What we can learn from the Y2K bug


The Guardian's Chips with Everything podcast recently published an episode about the Y2K bug, which I recommend you listen to if you write software.

The Y2K bug came about due to the small amount of storage space that computers traditionally had which meant that, for optimisation, years were presented as 2 digits (80 for 1980, or 99 for 1999). The problem was when that ticked over to 2000 – the year would be presented as 00, and sorting algorithms would look at that date and say "Ah, that's 1900 which is in the past".

The podcast reveals that the first effects of Y2K were felt years prior to the turn of the century. For example, in 1998, supermarket chain Marks & Spencer were sent a batch of corned beef with the barcode setting the expiry date as 2002. Marks & Spencer's system interpreted this as 02, which translated to 1902 - a date 96 years in the past. Therefore, the system said that this batch of corned beef was out of date, despite not expiring for another four years. The supermarket sent back the corned beef and ordered another batch, which was sent back again. This repeated four times before the bug in the system was found to be the culprit.

I really enjoyed this episode because it revealed that, although the Y2K bug turned out to be a non-event, that wasn't because it was some sort of myth. Software developers put an incredible amount of work in the years leading up to the year 2000 to prevent computer systems from failing. One of these people was Professor Martyn Thomas CBE, who was involved in fixing the bugs in computer programs that would have caused problems when 99 ticked over to 00. He was interviewed in the podcast.

What's particularly interesting is when he talks about how many similar problems are in computer programs today, in particular, around cybersecurity:

I'm much more worried about cybersecurity, I think that is a threat that is not yet being addressed strategically. We have to fix it at the root which is by making the software far less vulnerable to cyber attack. And that certainly can be done, but we don't appear to be setting about any kind of strategy nationally or internationally that would bring that about.

Martyn Thomas on Chips with Everything by The Guardian
Cascade failure: an inside look at the Y2K bug (14:48-15:22)

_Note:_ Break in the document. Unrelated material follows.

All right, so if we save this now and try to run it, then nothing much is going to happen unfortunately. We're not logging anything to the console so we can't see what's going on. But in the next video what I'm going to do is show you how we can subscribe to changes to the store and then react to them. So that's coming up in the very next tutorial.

This was really encouraging to hear, because it's what Snyk, the company I work for, is doing by making developers aware of vulnerabilities in the open source code that they rely on, and giving them an easy way to fix it. I think cybersecurity is going to be an increasinly important topic over the coming years, and that we'll see more vulnerabilities being exploited in the systems we rely on. It's something I've become more aware of, too – the code we use and reuse has so many vulnerabilities, and open source software, by its nature, duplicates those vulnerabilities across all the systems that rely on it. But if we know about them and can fix them quickly, we're making it harder for hackers.

This relates to another thing that Martyn talks about:

But we still build software on the assumption that you can test it to show that it's fit for purpose… software is vastly complex, and a typical programmer makes a mistake in, if they're good, every 30 lines of program. If they're very, very good, they may make a mistake in every 100 lines of program. If they're typical, it's in about 10 lines of code.

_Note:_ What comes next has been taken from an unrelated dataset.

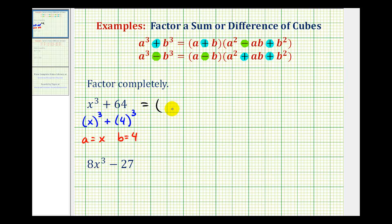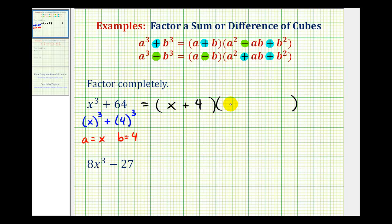This will factor into a binomial times a trinomial. The binomial factor will be a plus b, so in this case we'll have x plus four. The first term of the trinomial factor will be a squared — since a is equal to x, that gives us x squared — minus a times b. Since a is x and b is four, a times b is four x. Plus b squared: since b is equal to four, b squared is sixteen.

And you don't find all of those by testing… when a modern car has got a hundred million lines of software, you know, even an error in one in a hundred lines is still a million software errors in your car. And a lot of those are vulnerabilities that can be exploited as cybersecurity problems, for example.

Martyn Thomas on Chips with Everything by The Guardian
Cascade failure: an inside look at the Y2K bug (18:20-19:28)

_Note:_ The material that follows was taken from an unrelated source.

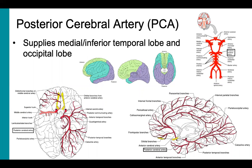The posterior cerebral artery is shown here in purple, and it supplies the medial and inferior temporal lobe as well as the occipital lobe. In this diagram on the left, we can see the posterior cerebral artery and its branches coursing back to supply the inferior temporal lobe as well as the occipital lobe. We can see the same thing in the other diagram — the posterior cerebral artery supplying the inferior temporal lobe and the occipital lobe.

Our tests can only tell us about the scenarios we are testing for. Code is buggy, and the more code we write, the more bugs we introduce. I think things like pair programming and writing good tests can help improve quality vastly, but we also need to make it quick and easy to implement and roll out fixes when we find errors. In particular, we need to take security more seriously when writing software, especially for programs that are relied on so widely.

There are still potential things that could go wrong that could cause very widepsread devestation. The number of services and computer systems that are dependant on GPS, for example, is unbelivebly wide… and yet, you're dealing with a signal that you can buy a jammer for on the internet for $100, and where, if you bought a reasonably powerful jammer for $1000 and stuck it in a balloon and floated it over London, you'd take out GPS over the whole of the South of England. The emergency services use GPS… ships use it for navigation… and the dependance across the whole of society on that easily jammed and, actually increasingly easily spoofed signal is astounding.

Martyn Thomas on Chips with Everything by The Guardian
Cascade failure: an inside look at the Y2K bug (19:42-21:11)

Martyn recommends this situation be improved by introducing strict liability policies so that companies that write bad software can be sued for damages, to encourage them to improve standards and take security more seriously.

Anyone who has watched Mr Robot will be aware of how big an impact one cyberattack can have.